Constructive mathematics is pertinent to the PRL project because all of our logics have had a constructive core. This means that they can make distinctions that are critical in expressing computational mathematics. For example, it is trivial to express the notion that a problem is decidable; using the constructive "or" logical operator and letting P name the problem, we say P or not P. Our logics also express classical reasoning. In some cases this is accomplished by defining the classical logical operators in terms of the constructive ones. In other cases we have shown that it is consistent to add classical axioms as a way to produce subtheories of the constructive logic (subtheories in the sense of subtyping).
For many centuries there has been a strong computational theme in mathematics. Prominent points have been the Greek interest in ruler and compass constructions, the Arab interest in algorithms and the algebra of solving equations, and the European development of the eighteenth and nineteenth century theory of functions.
A noncomputational tradition has also enjoyed great success. This is often associated with set theory and pure existence proofs and the like. Nowadays this is called "classical mathematics" even though its distinct existence dates from the 1800s. Its modern expression was brought into focus by Cantor and Hilbert, who referred to it as "ideal" mathematics. One might also use the term "existential" for it.
Even when this view was gaining popularity, many of the leading mathematicians expressed the need to keep track of computational meaning. We read of this concern in the writing of Kronecker, van der Waerden, Weyl and Gentzen in Germany; from the French school of Poincaré and Borel, Baire, Lebesgue, Lusin and Herbrand; from the Dutch, Brouwer and Heyting; from the Scandinavians like Skolem; the Russians Kolmogorov and Markov and so forth.

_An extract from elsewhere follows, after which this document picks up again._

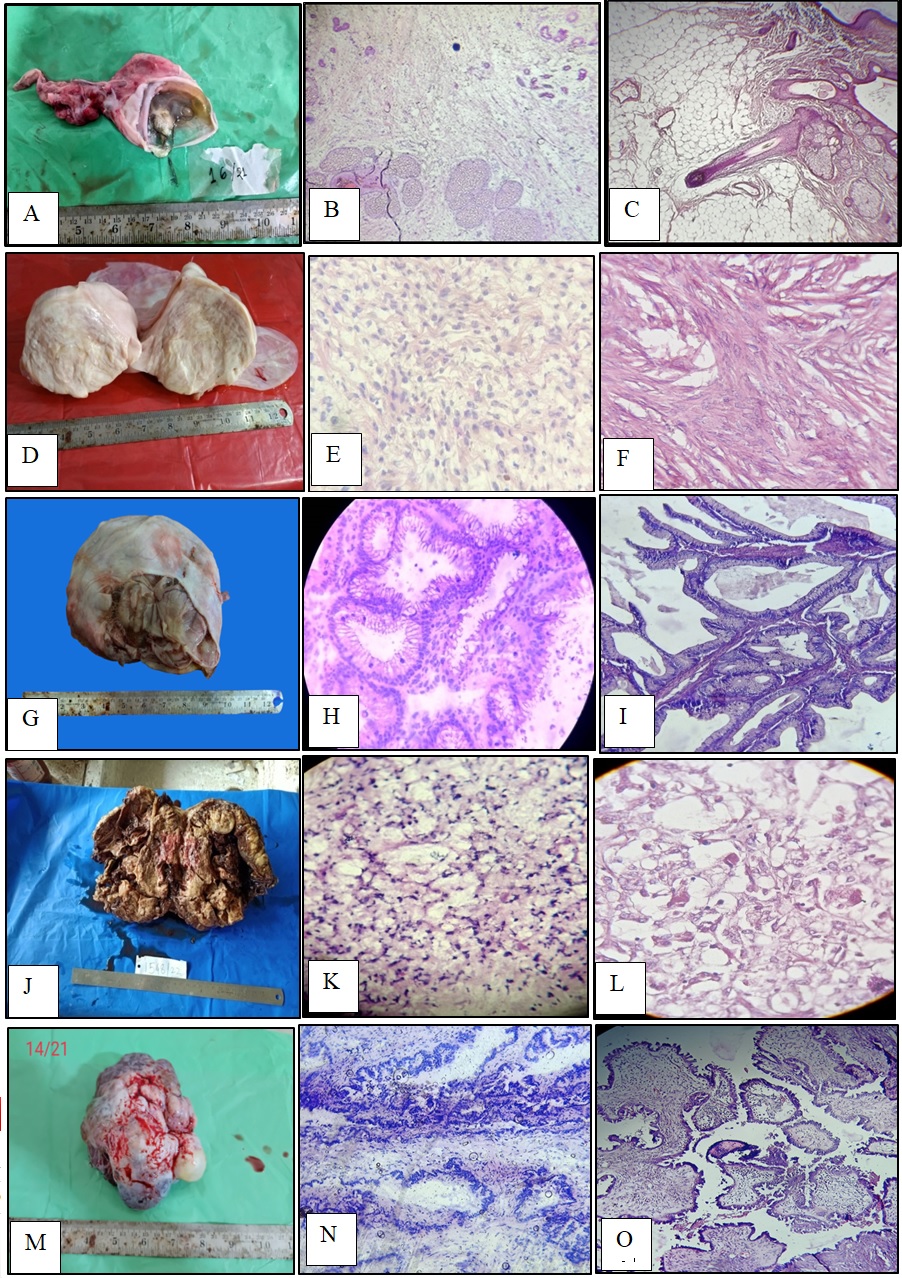PDF) Factors associated with misdiagnosis of frozen section of mucinous  borderline ovarian tumor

In the early twentieth century these two traditions came into conflict as part of what is called the crisis in the foundations of mathematics. In the nineteenth century, the paradoxes of calculus provoked an effort to create a firm foundation for the calculus based on type theory and logic or on set theory. The paradoxes in type theory and set theory - such as Russell's paradox or the Burali-Forti paradox - were considered by some to constitute a crisis in foundations. Brouwer's response to the crisis was to say that the problems arose from the nature of "ideal" or "existential" mathematics and did not arise in the computational tradition. This opinion was put in a confrontational and provocative way. Hilbert responded with a program to "save" ideal mathematics. That program is still known as Hilbert's Program. He cast it in opposition to Brouwer, although Kolmogorov and Gödel later showed that there need not be incompatibility. Hilbert's rallying cry was that "mathematicians would not be driven out of the paradise" that Cantor's set theory provided.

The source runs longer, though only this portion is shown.